BEGIN
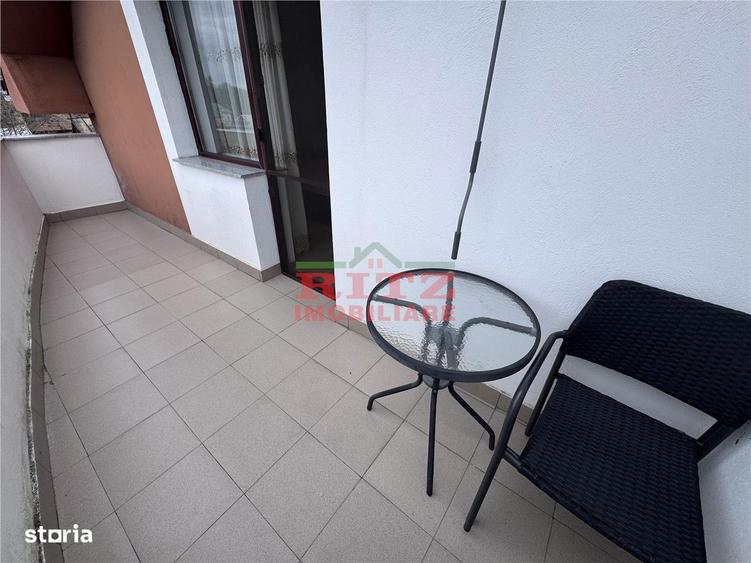 Nou! Ap. 3 cam., cu terasa, MOB. si UTILAT, zona Promed! - 5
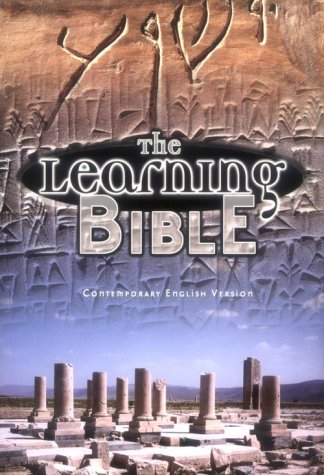 The Learning Bible: Contemporary English Version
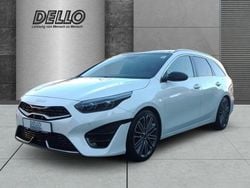 Weiß Gebraucht 2023 Kia Ceed Sportswagon GT-Line Kombi | 18.990 € (Etwas zu teuer)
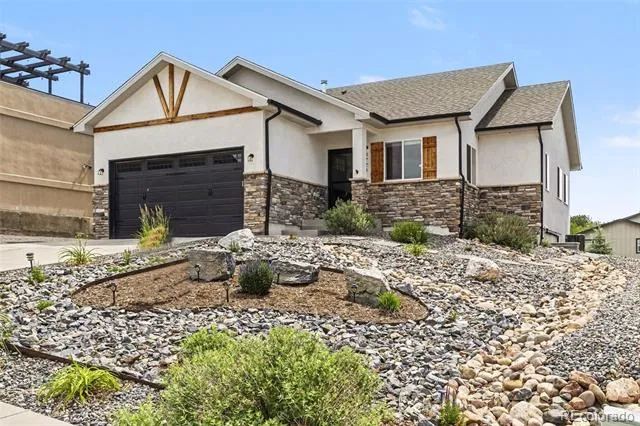 4720 Farmingdale Drive Colorado Springs, CO 80918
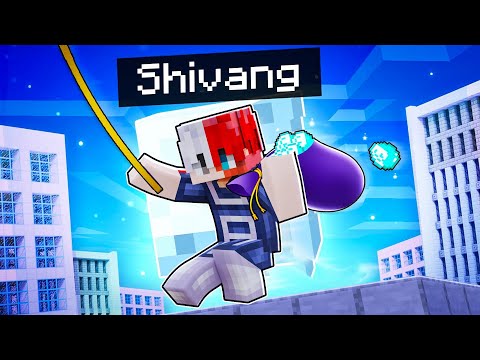 Gaming with shivang 2.0 - The Story Of Greatest THIEF Of Minecraft!!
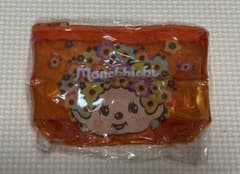 モンチッチ マチ付きクリアポーチのサムネイル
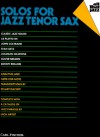 Solos For Jazz Tenor Sax (All That Jazz) - Stuart Isacoff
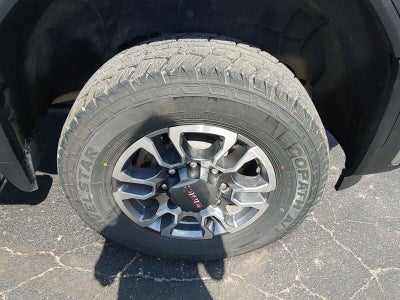 2025 GMC Sierra 2500 HD SLT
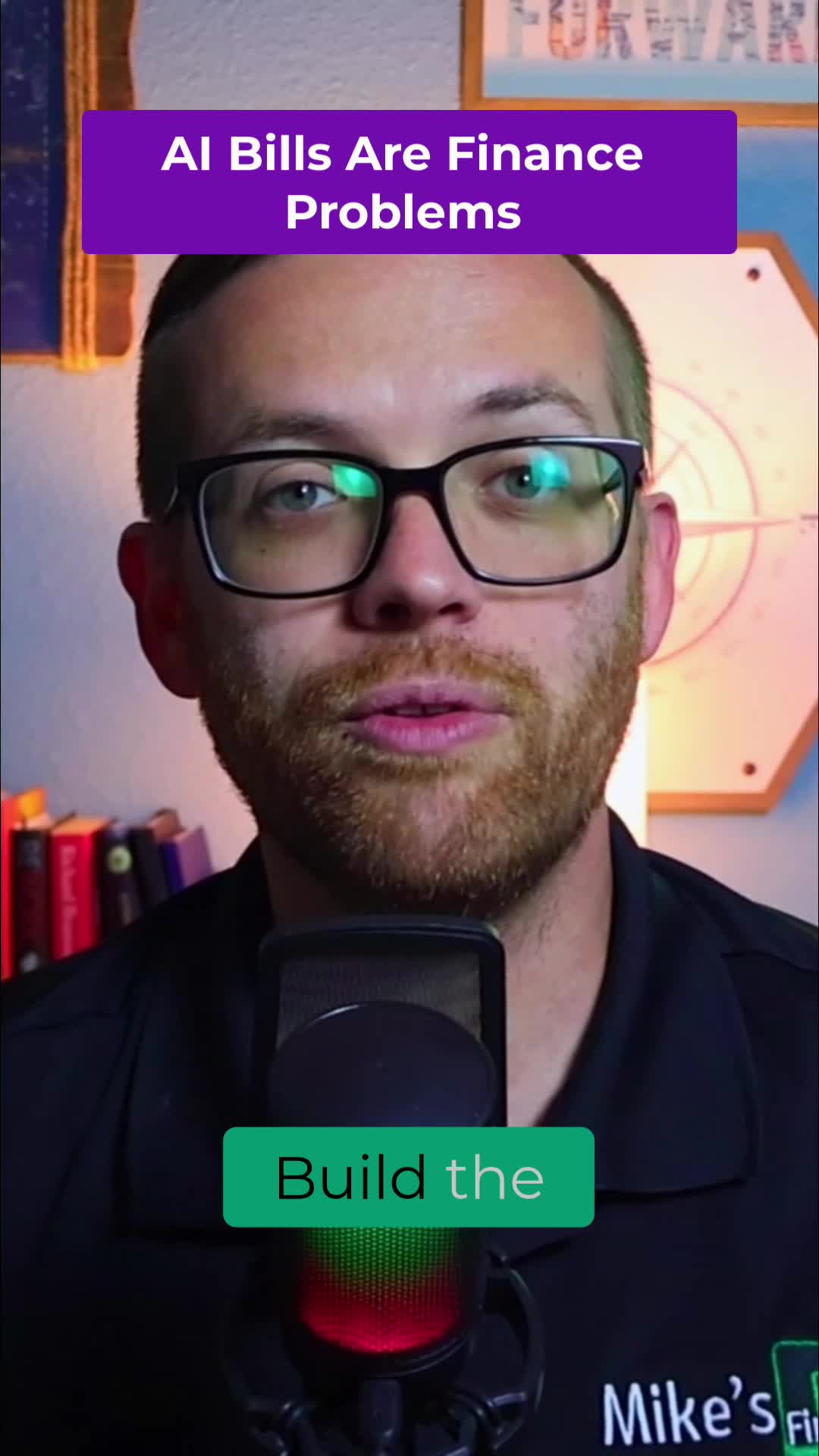 @Mike's AI For Finance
END
** Aim of the exercise **
Within the listing above, extract exactly the lines that run from the one containing "Weiß Gebraucht 2023" through the one containing "2025 GMC Sierra 2500 HD SLT", excluding any pictures.

** Result of the task **
 Weiß Gebraucht 2023 Kia Ceed Sportswagon GT-Line Kombi | 18.990 € (Etwas zu teuer)
 4720 Farmingdale Drive Colorado Springs, CO 80918
 Gaming with shivang 2.0 - The Story Of Greatest THIEF Of Minecraft!!
 モンチッチ マチ付きクリアポーチのサムネイル
 Solos For Jazz Tenor Sax (All That Jazz) - Stuart Isacoff
 2025 GMC Sierra 2500 HD SLT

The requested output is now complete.